Machine Learning is all about dealing with uncertainty of outcomes and Bayesian inference provides us a principled way to reason about the same. We combine the observed data with priors to build (potentially complex) posteriors over the variables of interest and use those for answering subsequent questions. The ability to model a probability distribution called the posterior allows us to quantify the uncertainty claims for any downstream tasks.

\overbrace{p(\Theta|\mathbf{X})}^{\text{posterior}} = \frac{\overbrace{p(\mathbf{X}|\Theta)}^{\text{likelihood}}\overbrace{p(\Theta)}^{\text{prior}}}{\underbrace{P(\mathbf{X})}_{\text{evidence}}}

However, the posterior is a tricky term to compute because of the computationally intensive integral term in the denominator (the evidence). Without having access to the true closed form of the posterior, the next best thing to have is a representative set (more formally the typical set ) from the posterior distributions’ high density regions. Over the years, researchers have developed a handful of umbrella techniques, all of which converge to the true distribution in the limit of the number of samples - conjugate priors for mathematical convenience , Markov Chain Monte Carlo (MCMC) family of algorithms especially the Hamiltonian Monte Carlo (HMC) , Variational Inference via approximate posteriors, Normalizing Flows for deterministic transforms. All these methods have been immensely successful in modern Bayesian analysis.

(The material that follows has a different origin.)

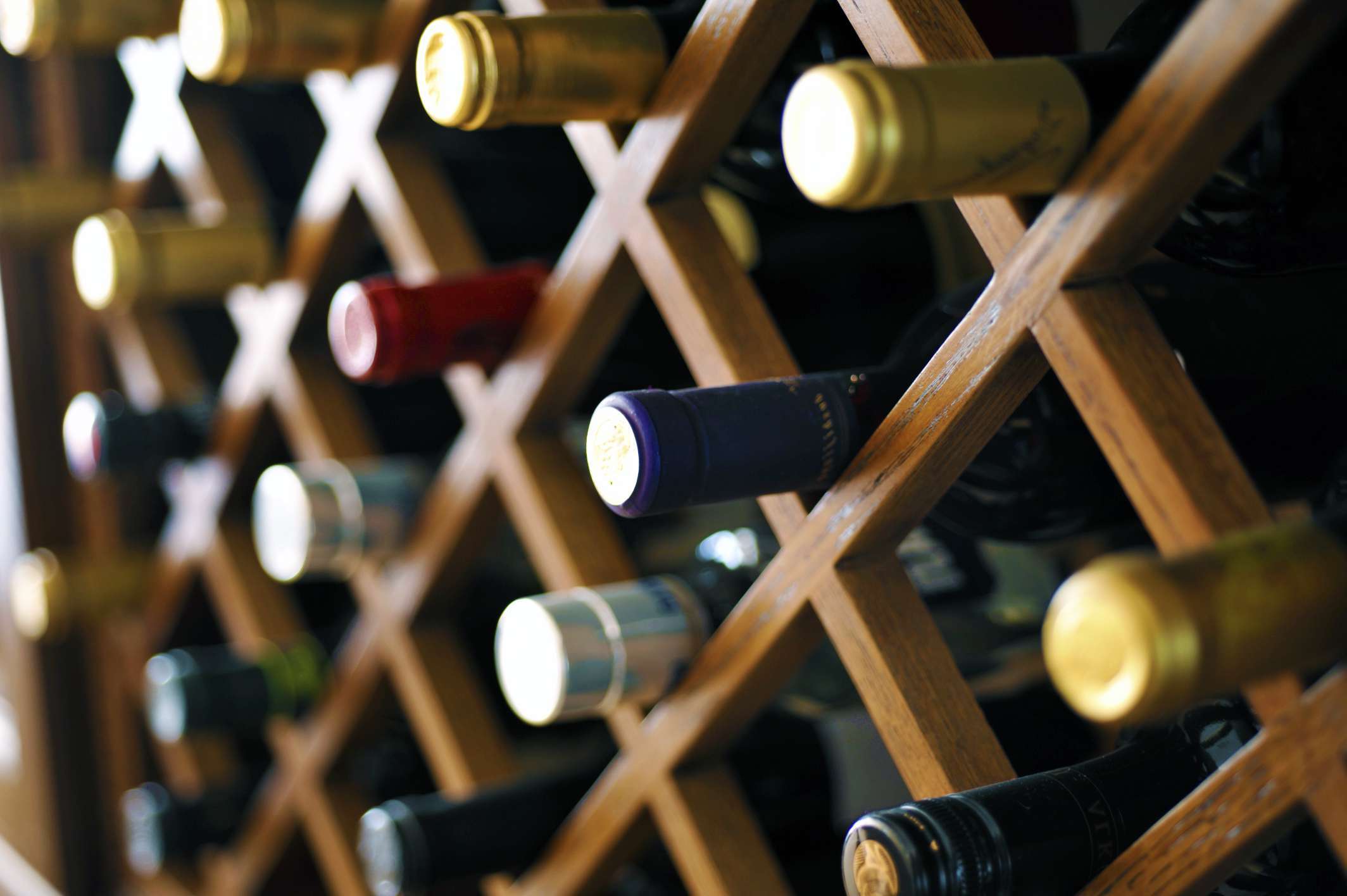 Home Wine Rack Wall Mounting: Stylish Bottle Display Ideas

However, like all feasible methods, these make trade offs - using conjugate priors limits the richness of the posterior densities and restricts us to only mathematically convenient likelihood-prior combinations; the MCMC family requires us to carefully design the transition kernel of the Markov chain and the SDE integrator for numerical stability; Variational Inference can lead to posteriors that under-estimate the support of the true distribution because of the nature of forward KL divergence optimization; Normalizing Flows demand an exact parametric form of the bijectors where the computation of the determinant of the Jacobian needs to be tractable. Today we will look at an approach which does away with all the previous pathologies (not to say it doesn’t introduce new ones) called the kernelized Stein Gradient.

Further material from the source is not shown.